Entendre une œuvre de la Nativité en français est une chose rare. Il y a même un certain bien-être à comprendre et être captivé par un drame qui nous parle dans notre langue maternelle. À voir la quantité de représentations du Messie de Haendel durant la période des fêtes, il semblerait que les orchestres du Québec soient plus attachés à la tradition qu’autre chose. L’Orchestre symphonique de Montréal, quant à lui, a fait le choix de se renouveler en proposant L’enfance du Christ de Berlioz, un oratorio méconnu qui a pourtant toute sa place parmi le répertoire de Noël.

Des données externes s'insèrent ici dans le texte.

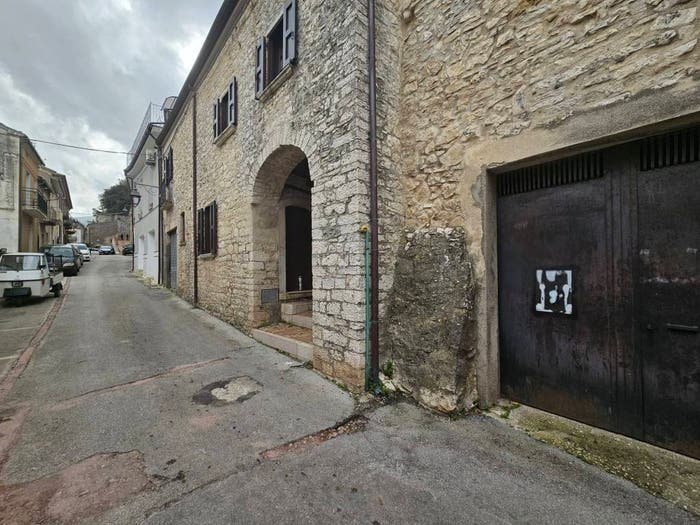 Casa con 5 locali in vendita in Vico del Nord, Centro, Monteroduni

Le 19 décembre dernier, les musiciens de l’OSM étaient sous la direction du chef français Hervé Niquet, dont la précédente apparition remontait à 2019. Ils étaient joints sur scène par une pléiade de solistes, la plupart étant régulièrement invités à se produire dans la métropole. Fidèle à leur réputation, Julie Boulianne et Gordon Bintner l’ont été par le lyrisme et la richesse de leur timbre, Tomislav Lavoie par sa voix d’autorité, Geoffroy Salvas par son aisance vocale et sa diction irréprochable. On a pu apprécier l’intensité du jeu dramatique de Robert Gleadow, mais son vibrato saccadé et la faible résonnance de sa voix de baryton-basse n’ont pas été de nature à offrir une incarnation convaincante d’Hérode, qui ordonna le massacre des nouveaux-nés d’Israël.
Cyrille Dubois, dans le rôle du récitant, a été la découverte de la soirée. Sa tessiture aigue et sa technique solide lui ont permis raconter en toute fluidité les trois épisodes rapprochés de la vie de Jésus au moment de la Fuite en Égypte. Ses présences au début, au milieu et à la fin du spectacle ont été toutes caractérisées par l’éloquence.
La prestation du ténor français est à mettre en relation avec les qualités intrinsèques de l’œuvre. Sur le site de l’OSM, on pouvait lire fort justement à propos de Berlioz : « Il narre les divers épisodes de cette fresque biblique avec une délicatesse, une simplicité et une intensité remarquables qui donnent vie à chaque personnage. »
C’est l’exact sentiment qui nous a habité au fil de la soirée. Chaque scène avait sa raison d’être pour nous faire comprendre les enjeux du drame et notamment nous rendre sensible au sort de la Vierge Marie et de Joseph, cherchant refuge à Saïs. En seulement 1 heure 20, Hervé Niquet a offert une lecture dynamique et sans temps morts de L’enfance du Christ.